THE GOING GETS TURF
Burnley ...... 0 Huddersfield .... 0 Dyche blasts ‘diver’ Rajiv
BURNLEY boss Sean Dyche called for a review of diving protocols after Town’s Rajiv Van La Parra took an “unacceptable” tumble in pursuit of a penalty.
Both sides walked away with a point after gritting their teeth for a dour draw at Turf Moor but the Terriers might have won it had referee Christopher Kavanagh been taken in when Van La Parra hit the turf after making no contact with Matt Lowton.
Town boss David Wagner accepted the Dutchman was deserving of both his booking and a fine but Dyche came in with a full-blooded tirade.
“It would have been an absolute farce,” said the Clarets manager about the prospect of a spot-kick.
“It’s unacceptable in my book. I can’t abide it. I feel for the referee and I thought he was excellent in that moment. But he should be protected from that.
“If it is a penalty, they score, we lose and then he gets banned. How does that work?
“I’ve been harping on about this for three years and nobody wants to listen. It’s for the good of the game.
“I travel across the country with my kid playing football and I’m watching 14-year-olds diving all over the place. Where do they get it from? They copy players.
“It’s got to be clamped down on. Maybe the video assistant referee will give the refs a chance to look at it. But it’s got to go.”
Dyche suggested he would have harsh words with any Burnley player who went to ground as easily as Van La Parra and Wagner said his player had pleaded guilty. “I was too far away and Sean was even further away than I was. I haven’t seen it again but I have spoken with Van La Parra and it was a dive,” said the German. “It was nothing we like to see. He gets booked, he gets a fine and we go on.”

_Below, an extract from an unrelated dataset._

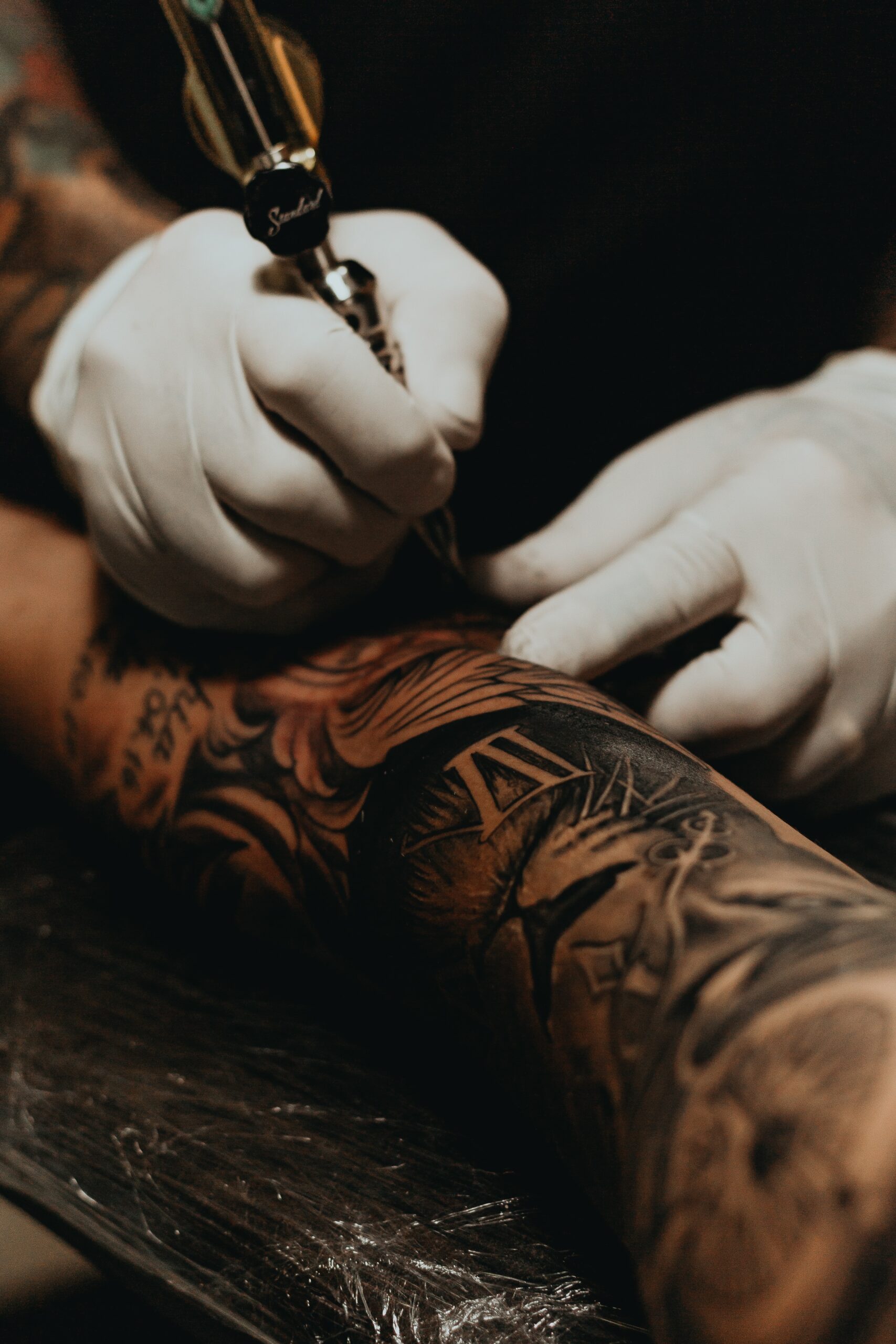 Professional Diploma Tattoo Course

Wagner was happy to rack up a ninth point of the season and a fourth clean sheet – both numbers few would have backed the Terriers to reach after six games in the top flight. “It was a deserved point in a tight and even game, both sides are very difficult to break down,” he said.
“Everybody worked hard and I’m pleased with the clean sheet of course, everybody feels responsibility for the defence in our team. Every player on the grass – defence, offence, midfielder – feels responsibility for the hard yards.”
While the excitement levels may have been low, a point apiece kept both sides comfortably ahead of some gloomy pre-season predictions.
The result appeared to hinge on the duel between Burnley’s £15million Kiwi striker Chris Wood and Terriers’ centre-half Christopher Schindler.
And the German came out on top, brilliantly marshalling Wood.
Schindler was an obvious standout, throwing his body at a couple of shots to spare keeper Jonas Lossl the hassle, oozing authority and nipping in front of Wood to intercept Stephen Ward’s ball and snuff out a rare chance.
When Wood did manage to break free of Schindler’s shackles to meet a Ward cross in the 23rd minute, after a neat move involving Jack Cork and Scott Arfield, he glanced wide.
The first half was a clumsy affair with few attacks as heavy touches, mis-hit passes and caution dominated proceedings.
There were more fouls than genuinely exciting moments, most of which were sloppy rather than tetchy.
But Cork might have been flirting with a red card, rather than the resulting yellow, when he went over the ball and into Abdelhamid Sabiri.
In the end it was a triumph for the organisation and reliability that has taken two unfashionable clubs into the top half of the Premier League, although the first top-flight meeting of these sides since 1971 was not one that will live long in anyone’s memory.
Now all we need to see is if anyone takes any notice of Dyche’s outburst about diving.